作為戲曲演員,唱功居四功(唱功、念功、做功、打功)的第一位,可見戲曲藝術中唱的重要性。“以聲傳情,劇中人物的身份、性格、境遇的差別,演唱中所傳之情應該是具體的、互不雷同的。”[3]王輔生老先生在這出戲中不僅有念白,他的念白不光是純韻白,而是大量采用了話白的形式,十分接地氣,生動活潑。還有大段唱腔,以任柳氏“三問”親家母那段最為出彩, 唱詞是這樣的:“我先問你第一件,前日門前扯衣衫。你給你娃扯綢緞,咋不給我娃一片片,一片片?”“我再問你第二件,人有大小口一般, 你和你娃吃好飯,咋不予我娃半碗碗?”“我再問你第三件,你女頂嘴你喜歡,我娃有理不敢辯,為什么打的不動彈,不動彈?”這三段唱腔一段比一段節奏緊湊,任柳氏搬著椅子一步步緊逼親家母,力度與速度也逐漸加強,語氣、動作、表情緊密結合,環環緊扣,引起觀眾極大的觀賞興致。王老先生的唱腔處理得游刃有余,唱的同時將鄉婦吵架的氣勢也表現了出來,姿勢情狀令人捧腹。
三、丑角故事情節夸張化
戲曲的故事情節不能拖沓太長,需得精煉, 將主要情節表演清楚。《看女》是一出故事情節緊湊、短小精悍的折子戲。任柳氏因出門看女兒指使兒媳牽驢而借故痛罵兒媳——途中摔倒與騾子叔對話——到女兒家與女兒短暫敘別——與親家母爭執——女婿勸和,大團圓結局。短短一出戲,便可看出任柳氏“憎媳愛女”的特點,同時故事采用夸張手法表現婆媳關系的緊張氛圍。婆媳關系似乎是一個“千古難題”,《看女》中, 婆婆雖然是個“惡婆婆”,但是不能說她是個壞人,因此將其塑造成一個喜劇人物是極為合適的選擇。排這樣一出小戲,將婆婆形象丑角化,最后再以中式大團圓結局,將婆媳關系和解、親家關系和解,雖然有些夸張,但正是這樣的夸張, 將本身難以擺上臺面的事情倒說了個清清楚楚、明明白白,因其丑,反而惹人發笑,笑過之后便是思考。
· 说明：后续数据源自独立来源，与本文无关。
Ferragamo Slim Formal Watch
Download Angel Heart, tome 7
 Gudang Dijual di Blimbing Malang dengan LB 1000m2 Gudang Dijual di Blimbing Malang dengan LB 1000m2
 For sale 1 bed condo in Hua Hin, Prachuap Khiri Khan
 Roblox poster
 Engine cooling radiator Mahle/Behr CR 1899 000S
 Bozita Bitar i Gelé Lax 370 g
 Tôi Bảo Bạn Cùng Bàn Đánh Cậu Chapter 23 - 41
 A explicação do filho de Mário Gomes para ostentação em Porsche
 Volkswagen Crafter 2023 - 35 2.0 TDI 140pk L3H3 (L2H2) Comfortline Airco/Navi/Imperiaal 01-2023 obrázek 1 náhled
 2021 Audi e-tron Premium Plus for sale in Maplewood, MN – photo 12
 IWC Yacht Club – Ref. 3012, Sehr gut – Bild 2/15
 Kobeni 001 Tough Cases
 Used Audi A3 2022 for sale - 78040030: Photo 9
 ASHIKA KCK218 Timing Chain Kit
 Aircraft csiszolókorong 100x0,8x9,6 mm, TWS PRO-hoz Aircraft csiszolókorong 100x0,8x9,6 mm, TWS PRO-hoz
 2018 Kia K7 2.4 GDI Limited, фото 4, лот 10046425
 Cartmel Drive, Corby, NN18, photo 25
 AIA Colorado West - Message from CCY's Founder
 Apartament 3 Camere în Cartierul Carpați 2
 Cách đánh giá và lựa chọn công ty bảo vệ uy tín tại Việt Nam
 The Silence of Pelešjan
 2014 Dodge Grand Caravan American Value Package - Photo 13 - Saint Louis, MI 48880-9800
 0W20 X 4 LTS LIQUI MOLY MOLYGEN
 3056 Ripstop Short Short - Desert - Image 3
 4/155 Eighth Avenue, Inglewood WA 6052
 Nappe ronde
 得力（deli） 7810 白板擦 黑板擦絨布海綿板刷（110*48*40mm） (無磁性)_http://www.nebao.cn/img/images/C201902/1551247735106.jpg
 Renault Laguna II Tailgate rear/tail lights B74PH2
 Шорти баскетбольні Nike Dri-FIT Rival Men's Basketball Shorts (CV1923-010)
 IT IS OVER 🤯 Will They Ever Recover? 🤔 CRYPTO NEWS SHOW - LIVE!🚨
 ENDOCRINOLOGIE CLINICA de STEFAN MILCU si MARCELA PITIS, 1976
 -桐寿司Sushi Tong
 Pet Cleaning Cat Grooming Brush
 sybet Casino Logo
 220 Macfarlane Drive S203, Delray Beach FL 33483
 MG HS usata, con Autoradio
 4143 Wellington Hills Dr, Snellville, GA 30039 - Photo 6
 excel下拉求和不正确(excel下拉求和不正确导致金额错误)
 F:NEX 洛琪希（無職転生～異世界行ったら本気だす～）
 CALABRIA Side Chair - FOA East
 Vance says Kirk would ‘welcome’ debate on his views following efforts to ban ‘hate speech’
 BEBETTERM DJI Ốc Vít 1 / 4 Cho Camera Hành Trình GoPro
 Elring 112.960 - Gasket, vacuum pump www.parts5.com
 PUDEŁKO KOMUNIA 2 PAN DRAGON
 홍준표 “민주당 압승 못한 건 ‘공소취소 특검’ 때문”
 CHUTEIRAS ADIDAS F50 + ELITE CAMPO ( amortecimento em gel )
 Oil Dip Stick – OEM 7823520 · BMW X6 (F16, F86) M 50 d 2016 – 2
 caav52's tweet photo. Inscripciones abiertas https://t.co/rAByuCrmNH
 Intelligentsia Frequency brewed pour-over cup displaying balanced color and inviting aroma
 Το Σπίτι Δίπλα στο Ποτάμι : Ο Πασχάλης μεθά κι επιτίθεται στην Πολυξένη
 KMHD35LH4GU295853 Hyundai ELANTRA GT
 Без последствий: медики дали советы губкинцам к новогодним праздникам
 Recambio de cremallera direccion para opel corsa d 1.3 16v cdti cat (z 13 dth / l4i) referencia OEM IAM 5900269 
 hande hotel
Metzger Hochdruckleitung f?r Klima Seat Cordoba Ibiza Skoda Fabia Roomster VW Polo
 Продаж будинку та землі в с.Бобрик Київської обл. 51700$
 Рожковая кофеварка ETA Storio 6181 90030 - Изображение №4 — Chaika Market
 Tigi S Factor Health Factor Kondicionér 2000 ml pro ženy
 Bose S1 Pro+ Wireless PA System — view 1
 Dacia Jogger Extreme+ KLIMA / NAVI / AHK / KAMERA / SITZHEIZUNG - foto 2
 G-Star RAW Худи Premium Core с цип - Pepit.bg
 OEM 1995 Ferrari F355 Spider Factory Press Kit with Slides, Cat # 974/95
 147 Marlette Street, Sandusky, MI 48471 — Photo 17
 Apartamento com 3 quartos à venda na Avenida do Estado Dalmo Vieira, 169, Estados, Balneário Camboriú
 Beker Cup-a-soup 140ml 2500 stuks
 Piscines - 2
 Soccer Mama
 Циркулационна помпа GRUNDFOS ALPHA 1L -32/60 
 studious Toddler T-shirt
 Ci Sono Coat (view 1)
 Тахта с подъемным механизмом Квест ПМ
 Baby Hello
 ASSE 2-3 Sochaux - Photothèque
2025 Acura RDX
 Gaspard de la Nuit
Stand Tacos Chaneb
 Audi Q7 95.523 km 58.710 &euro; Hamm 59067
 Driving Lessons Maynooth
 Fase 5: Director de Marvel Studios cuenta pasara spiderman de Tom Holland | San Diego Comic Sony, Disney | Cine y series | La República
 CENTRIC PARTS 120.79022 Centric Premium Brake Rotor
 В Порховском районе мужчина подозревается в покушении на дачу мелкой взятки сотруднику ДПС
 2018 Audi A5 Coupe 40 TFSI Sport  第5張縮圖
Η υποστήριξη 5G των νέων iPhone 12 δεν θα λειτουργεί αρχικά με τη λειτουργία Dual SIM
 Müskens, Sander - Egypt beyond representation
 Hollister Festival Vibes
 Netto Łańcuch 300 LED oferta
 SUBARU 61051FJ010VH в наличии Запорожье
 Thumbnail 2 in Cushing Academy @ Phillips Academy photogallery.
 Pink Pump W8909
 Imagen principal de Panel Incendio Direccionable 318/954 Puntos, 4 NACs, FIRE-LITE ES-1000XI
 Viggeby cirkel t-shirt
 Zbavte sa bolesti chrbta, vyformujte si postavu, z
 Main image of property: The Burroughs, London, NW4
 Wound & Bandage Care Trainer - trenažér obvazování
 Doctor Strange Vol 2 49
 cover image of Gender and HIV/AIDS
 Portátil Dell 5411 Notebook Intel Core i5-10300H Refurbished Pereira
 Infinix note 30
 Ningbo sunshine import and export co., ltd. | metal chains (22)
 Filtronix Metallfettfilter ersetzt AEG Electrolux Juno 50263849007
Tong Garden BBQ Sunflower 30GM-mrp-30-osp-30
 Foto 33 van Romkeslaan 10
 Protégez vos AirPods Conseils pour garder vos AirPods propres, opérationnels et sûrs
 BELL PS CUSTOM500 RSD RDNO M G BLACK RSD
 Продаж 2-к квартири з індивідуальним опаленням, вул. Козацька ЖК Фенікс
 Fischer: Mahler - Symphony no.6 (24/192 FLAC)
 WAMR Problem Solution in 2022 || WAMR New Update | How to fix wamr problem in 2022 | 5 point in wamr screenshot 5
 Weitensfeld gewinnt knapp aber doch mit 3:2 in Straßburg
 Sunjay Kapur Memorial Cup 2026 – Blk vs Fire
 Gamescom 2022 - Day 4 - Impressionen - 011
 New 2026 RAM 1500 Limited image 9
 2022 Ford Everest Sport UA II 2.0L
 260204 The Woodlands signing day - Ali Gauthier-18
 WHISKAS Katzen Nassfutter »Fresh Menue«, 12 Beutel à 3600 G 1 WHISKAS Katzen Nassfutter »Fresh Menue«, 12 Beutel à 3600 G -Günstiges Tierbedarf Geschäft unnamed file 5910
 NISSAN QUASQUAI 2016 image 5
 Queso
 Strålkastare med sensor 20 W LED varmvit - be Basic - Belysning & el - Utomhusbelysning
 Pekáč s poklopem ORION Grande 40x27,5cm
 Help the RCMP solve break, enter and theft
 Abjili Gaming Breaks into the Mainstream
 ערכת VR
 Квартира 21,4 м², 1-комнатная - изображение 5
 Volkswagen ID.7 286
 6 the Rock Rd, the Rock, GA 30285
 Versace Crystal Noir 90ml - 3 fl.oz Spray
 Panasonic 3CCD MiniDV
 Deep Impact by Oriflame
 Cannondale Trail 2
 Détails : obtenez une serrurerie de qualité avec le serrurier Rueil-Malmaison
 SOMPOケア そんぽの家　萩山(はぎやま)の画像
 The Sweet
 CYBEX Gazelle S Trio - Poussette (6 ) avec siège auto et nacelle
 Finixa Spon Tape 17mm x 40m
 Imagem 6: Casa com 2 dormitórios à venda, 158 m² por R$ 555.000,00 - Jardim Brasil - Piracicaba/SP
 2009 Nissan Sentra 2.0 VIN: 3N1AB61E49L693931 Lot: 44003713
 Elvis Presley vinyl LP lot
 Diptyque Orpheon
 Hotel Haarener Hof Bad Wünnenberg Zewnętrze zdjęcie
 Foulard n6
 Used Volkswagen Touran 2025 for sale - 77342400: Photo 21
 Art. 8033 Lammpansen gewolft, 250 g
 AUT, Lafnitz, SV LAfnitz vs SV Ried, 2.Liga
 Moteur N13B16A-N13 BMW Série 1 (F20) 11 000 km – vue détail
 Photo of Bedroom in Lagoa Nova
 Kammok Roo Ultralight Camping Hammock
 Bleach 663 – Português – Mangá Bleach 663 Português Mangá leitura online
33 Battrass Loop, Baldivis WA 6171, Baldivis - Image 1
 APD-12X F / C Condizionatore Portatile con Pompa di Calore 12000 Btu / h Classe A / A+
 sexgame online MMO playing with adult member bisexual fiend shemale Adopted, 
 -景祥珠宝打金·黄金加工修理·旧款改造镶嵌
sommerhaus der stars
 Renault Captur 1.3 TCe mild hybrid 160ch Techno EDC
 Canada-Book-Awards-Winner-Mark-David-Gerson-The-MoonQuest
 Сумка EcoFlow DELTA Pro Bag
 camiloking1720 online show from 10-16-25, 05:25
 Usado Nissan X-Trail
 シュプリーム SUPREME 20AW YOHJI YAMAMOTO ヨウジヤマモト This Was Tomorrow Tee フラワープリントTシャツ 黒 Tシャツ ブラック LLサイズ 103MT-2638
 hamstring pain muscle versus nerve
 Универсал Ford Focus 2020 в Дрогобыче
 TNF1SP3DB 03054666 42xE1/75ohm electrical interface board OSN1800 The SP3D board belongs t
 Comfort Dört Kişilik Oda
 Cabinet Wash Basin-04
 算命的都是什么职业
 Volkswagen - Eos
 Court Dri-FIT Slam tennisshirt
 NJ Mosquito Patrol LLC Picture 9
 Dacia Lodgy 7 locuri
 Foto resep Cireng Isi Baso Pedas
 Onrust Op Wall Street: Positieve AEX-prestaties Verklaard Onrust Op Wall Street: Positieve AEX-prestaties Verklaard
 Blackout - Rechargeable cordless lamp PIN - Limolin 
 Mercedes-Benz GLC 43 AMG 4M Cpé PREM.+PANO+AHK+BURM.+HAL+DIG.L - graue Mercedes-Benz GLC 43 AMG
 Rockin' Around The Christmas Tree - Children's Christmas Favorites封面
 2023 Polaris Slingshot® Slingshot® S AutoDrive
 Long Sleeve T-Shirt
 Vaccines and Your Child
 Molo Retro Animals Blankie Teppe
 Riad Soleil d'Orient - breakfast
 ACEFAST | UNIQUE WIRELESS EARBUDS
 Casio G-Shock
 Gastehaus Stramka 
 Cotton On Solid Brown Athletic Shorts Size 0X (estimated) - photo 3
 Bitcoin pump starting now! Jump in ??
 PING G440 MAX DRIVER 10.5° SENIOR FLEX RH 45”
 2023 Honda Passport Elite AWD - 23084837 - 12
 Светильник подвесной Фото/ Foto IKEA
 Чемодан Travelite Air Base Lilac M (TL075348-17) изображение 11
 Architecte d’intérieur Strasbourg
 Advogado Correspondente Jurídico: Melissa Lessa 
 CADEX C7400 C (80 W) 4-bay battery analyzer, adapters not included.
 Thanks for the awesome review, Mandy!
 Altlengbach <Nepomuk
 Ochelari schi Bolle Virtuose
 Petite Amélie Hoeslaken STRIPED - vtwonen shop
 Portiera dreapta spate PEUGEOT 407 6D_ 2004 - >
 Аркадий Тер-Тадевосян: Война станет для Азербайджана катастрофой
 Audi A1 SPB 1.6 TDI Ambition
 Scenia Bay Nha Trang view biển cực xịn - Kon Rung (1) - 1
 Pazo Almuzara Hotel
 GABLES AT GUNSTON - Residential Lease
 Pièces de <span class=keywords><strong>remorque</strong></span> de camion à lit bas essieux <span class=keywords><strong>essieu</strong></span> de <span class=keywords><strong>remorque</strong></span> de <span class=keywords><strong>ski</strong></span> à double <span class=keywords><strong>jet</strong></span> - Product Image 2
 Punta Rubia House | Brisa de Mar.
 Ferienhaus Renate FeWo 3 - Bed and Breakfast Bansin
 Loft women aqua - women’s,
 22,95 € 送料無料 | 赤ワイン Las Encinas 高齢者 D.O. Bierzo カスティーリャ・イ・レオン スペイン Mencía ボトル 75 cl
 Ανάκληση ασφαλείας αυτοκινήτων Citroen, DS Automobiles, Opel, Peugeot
戲中,任柳氏給兒媳的是黑饃,不給吃白饃,動輒打罵,兒媳實在怕她怕得厲害,直呼: “遇上個婆婆賽閻羅”;其親家母也是個這樣的婆婆,也是只愛自己女兒,對任柳氏的女兒胭脂不予待見,這樣的風氣需要修正。在1915年首演的時候這出小戲肩扛著“移風易俗”的責任,到今天,這出小戲在扛著“移風易俗”旗子的同時,還多了一份傳承的責任。王輔生老先生反串扮丑的出彩表演,塑造了一個讓人又愛又恨的婆婆形象,雖則故事情節簡單夸張,但由于丑角形象的存在,使得婆媳問題在舞臺上變得幽默滑稽,觀眾在捧腹大笑的同時也會議論、會思考婆媳問題,誰都想不到,這樣一個小故事會有移風易俗的巨大能量。戲中的媒旦,即丑角作為戲曲故事的主角有著出其不意的成功效果,不僅增強了觀眾的審美體驗,在寓教于樂的意義上也“后勁”十足。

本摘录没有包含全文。